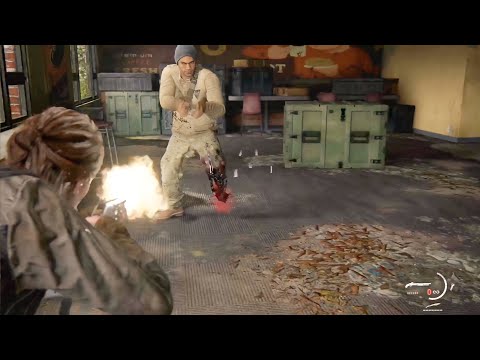 Tlou2 wolfs don't scream | The Last of Us Part II revenge -Ellie Joel - brutal stealth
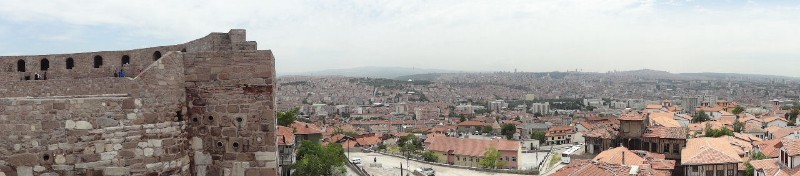 . panorama oude stad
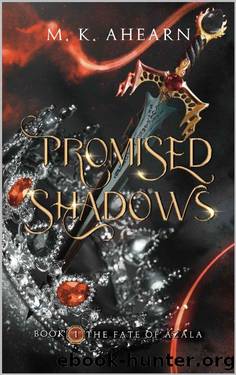 Promised Shadows by MK Ahearn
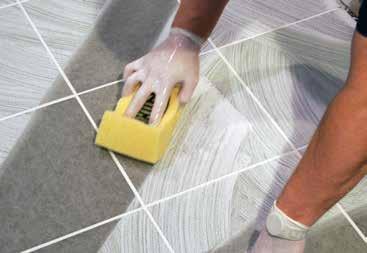 Use for interior or exterior floors and walls in commercial or residential applications. Ideal for high traffic areas and wet areas including swimming pools, fountains and showers.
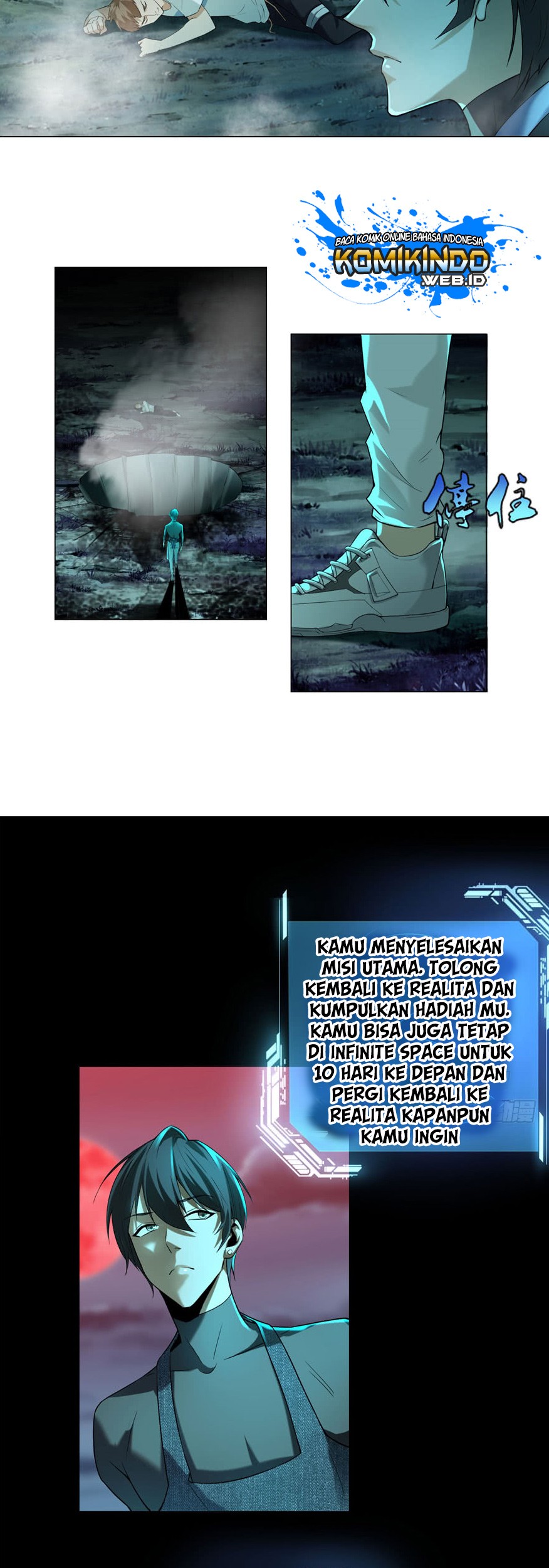 Infinity Mailman Chapter 8 - halaman 6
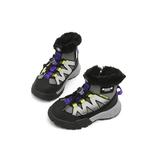 Детские высокие ботинки Jeep, розовый/фиолетовый - фото 2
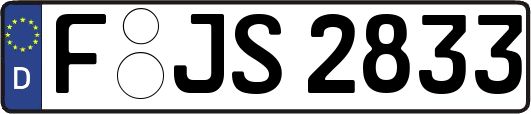 F-JS2833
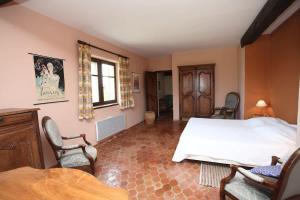 Maisons de vacances Villa La Familliale, piscine avec vue imprenable sur Gordes : photos des chambres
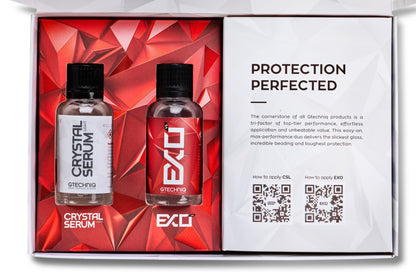 Gtechniq Crystal Serum Light and EXOv5 (CSL Black) 50ml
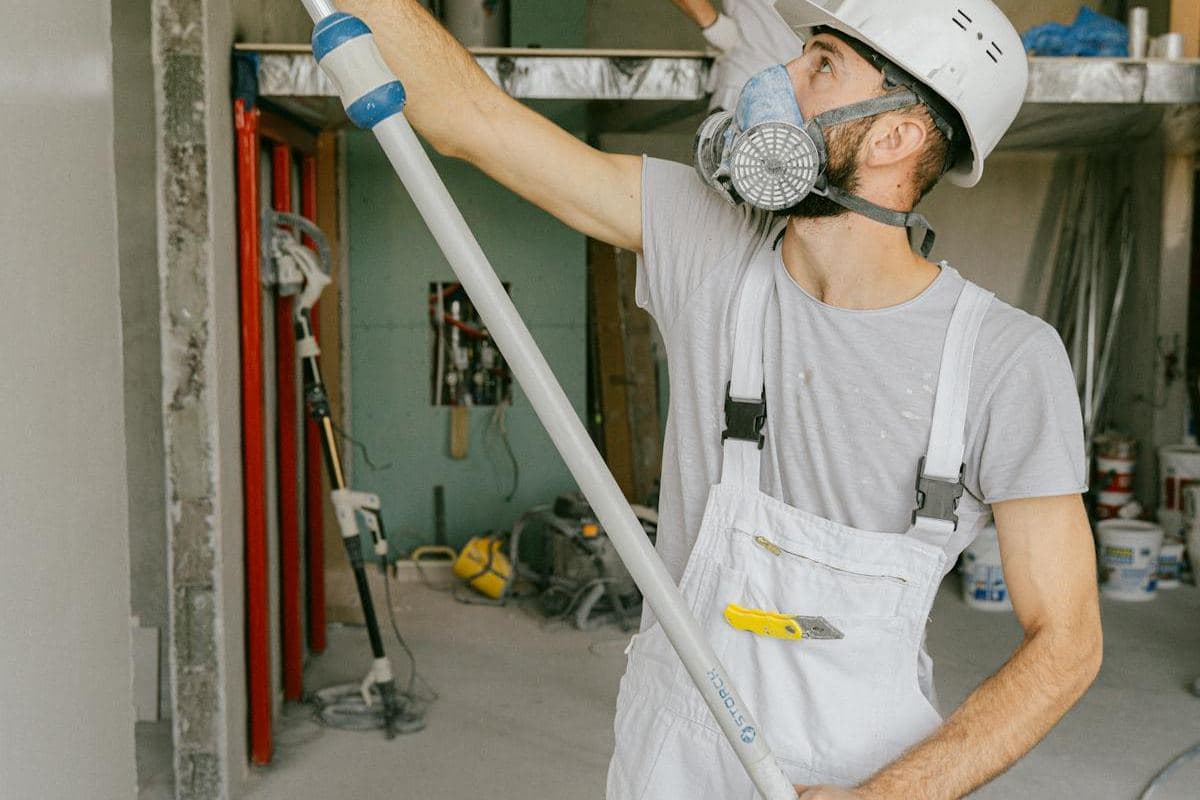 Plumbing rough-in for bathroom fit-out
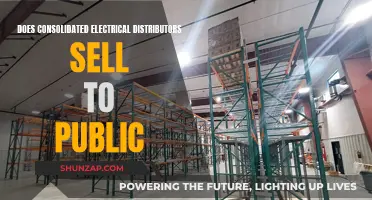 Consolidated Electrical Distributors: Public Sales Access?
-- -- --
Reproduce the material exactly; omit the pictures.

 Tlou2 wolfs don't scream | The Last of Us Part II revenge -Ellie Joel - brutal stealth
 . panorama oude stad
 Promised Shadows by MK Ahearn
 Use for interior or exterior floors and walls in commercial or residential applications. Ideal for high traffic areas and wet areas including swimming pools, fountains and showers.
 Infinity Mailman Chapter 8 - halaman 6
 Детские высокие ботинки Jeep, розовый/фиолетовый - фото 2
 F-JS2833
 Maisons de vacances Villa La Familliale, piscine avec vue imprenable sur Gordes : photos des chambres
 Gtechniq Crystal Serum Light and EXOv5 (CSL Black) 50ml
 Plumbing rough-in for bathroom fit-out
 Consolidated Electrical Distributors: Public Sales Access?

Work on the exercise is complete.